*** Begin section ***

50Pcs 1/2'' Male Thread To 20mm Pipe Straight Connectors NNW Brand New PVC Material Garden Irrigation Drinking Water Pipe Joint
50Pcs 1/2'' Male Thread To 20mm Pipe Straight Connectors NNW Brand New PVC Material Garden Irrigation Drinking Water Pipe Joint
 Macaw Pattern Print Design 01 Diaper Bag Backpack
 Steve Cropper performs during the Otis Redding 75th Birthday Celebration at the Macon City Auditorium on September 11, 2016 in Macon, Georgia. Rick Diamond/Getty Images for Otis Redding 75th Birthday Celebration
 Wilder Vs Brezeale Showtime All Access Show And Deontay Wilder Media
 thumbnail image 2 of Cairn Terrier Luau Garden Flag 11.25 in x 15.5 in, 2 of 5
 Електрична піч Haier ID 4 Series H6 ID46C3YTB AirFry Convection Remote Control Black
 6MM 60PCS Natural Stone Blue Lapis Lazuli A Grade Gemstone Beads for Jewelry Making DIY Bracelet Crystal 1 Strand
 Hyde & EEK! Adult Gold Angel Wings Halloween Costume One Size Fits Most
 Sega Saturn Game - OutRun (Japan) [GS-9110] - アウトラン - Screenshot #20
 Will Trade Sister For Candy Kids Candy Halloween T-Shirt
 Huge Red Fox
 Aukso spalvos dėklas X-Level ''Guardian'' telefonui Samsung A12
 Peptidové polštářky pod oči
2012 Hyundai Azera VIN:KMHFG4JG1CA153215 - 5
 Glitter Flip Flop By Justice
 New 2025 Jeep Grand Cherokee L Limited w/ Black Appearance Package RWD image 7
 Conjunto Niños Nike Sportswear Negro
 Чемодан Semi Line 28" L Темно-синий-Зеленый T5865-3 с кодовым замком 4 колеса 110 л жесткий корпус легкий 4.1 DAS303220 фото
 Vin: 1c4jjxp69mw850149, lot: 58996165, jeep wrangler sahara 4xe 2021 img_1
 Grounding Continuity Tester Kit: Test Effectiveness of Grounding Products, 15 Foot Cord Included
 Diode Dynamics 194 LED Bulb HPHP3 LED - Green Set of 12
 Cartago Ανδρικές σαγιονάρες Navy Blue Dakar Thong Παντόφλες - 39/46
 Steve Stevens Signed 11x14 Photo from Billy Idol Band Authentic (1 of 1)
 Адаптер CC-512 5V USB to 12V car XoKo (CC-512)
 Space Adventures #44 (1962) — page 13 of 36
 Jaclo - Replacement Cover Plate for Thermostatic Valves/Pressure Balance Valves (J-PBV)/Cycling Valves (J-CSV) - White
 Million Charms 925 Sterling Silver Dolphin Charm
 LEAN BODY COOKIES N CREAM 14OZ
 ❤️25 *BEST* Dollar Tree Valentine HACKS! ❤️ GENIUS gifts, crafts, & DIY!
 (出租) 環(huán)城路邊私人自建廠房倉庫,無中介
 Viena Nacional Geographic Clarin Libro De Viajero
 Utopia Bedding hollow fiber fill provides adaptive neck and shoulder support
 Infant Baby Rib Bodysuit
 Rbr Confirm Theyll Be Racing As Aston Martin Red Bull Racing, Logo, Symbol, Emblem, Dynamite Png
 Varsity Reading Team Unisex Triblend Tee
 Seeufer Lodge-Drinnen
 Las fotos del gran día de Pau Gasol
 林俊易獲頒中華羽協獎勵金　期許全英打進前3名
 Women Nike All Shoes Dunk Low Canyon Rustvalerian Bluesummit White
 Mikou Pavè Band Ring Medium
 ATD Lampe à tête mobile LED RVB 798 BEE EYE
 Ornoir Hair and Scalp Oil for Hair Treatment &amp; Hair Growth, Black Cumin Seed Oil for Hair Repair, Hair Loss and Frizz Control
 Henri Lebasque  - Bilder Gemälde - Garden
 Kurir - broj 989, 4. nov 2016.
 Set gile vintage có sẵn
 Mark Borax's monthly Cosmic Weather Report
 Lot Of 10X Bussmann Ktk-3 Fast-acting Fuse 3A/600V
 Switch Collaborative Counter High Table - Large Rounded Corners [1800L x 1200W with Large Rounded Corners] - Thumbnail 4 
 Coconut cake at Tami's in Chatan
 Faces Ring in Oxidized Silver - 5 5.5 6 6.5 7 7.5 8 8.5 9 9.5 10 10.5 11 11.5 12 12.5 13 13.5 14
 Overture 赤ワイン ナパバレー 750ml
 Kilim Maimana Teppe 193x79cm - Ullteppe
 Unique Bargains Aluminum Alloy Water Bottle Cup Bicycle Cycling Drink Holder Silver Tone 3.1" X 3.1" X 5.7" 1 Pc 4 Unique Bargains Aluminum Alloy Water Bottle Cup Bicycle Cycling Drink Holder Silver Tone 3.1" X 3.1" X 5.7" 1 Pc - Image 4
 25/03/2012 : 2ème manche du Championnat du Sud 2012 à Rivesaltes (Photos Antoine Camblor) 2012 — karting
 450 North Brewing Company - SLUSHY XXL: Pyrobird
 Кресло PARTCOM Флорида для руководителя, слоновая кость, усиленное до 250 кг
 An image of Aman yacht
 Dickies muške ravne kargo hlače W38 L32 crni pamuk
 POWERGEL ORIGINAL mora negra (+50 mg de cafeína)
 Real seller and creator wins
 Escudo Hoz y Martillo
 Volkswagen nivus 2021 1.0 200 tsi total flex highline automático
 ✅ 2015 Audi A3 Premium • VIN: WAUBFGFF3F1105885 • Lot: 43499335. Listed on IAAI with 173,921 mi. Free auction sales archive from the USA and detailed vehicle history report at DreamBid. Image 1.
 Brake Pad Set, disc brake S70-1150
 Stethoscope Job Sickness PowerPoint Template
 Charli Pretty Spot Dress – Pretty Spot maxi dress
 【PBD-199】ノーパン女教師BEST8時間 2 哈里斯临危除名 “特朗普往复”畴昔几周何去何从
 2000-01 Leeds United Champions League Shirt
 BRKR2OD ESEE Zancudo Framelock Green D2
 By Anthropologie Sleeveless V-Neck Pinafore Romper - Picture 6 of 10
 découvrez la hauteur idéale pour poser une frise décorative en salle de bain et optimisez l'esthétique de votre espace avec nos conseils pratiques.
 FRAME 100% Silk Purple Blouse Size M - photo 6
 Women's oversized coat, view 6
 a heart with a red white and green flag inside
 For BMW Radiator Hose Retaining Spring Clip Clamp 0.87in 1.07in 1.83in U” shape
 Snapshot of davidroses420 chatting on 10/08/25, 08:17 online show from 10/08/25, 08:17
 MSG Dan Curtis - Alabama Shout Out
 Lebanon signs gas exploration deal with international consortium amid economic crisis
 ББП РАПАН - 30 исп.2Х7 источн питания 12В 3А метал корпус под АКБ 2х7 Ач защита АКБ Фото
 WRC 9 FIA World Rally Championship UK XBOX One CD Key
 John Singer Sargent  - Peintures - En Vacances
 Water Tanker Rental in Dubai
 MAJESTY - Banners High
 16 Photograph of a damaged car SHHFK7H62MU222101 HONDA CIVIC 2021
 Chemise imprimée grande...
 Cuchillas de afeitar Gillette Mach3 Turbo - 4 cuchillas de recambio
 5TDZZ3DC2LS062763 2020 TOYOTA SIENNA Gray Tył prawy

*** End section ***

Required work:
Reproduce exactly the stretch of lines that starts at the one containing "ББП РАПАН - 30" and ends with the final line of the data, including both ends and nothing more.

Solution for this problem:
 ББП РАПАН - 30 исп.2Х7 источн питания 12В 3А метал корпус под АКБ 2х7 Ач защита АКБ Фото
 WRC 9 FIA World Rally Championship UK XBOX One CD Key
 John Singer Sargent  - Peintures - En Vacances
 Water Tanker Rental in Dubai
 MAJESTY - Banners High
 16 Photograph of a damaged car SHHFK7H62MU222101 HONDA CIVIC 2021
 Chemise imprimée grande...
 Cuchillas de afeitar Gillette Mach3 Turbo - 4 cuchillas de recambio
 5TDZZ3DC2LS062763 2020 TOYOTA SIENNA Gray Tył prawy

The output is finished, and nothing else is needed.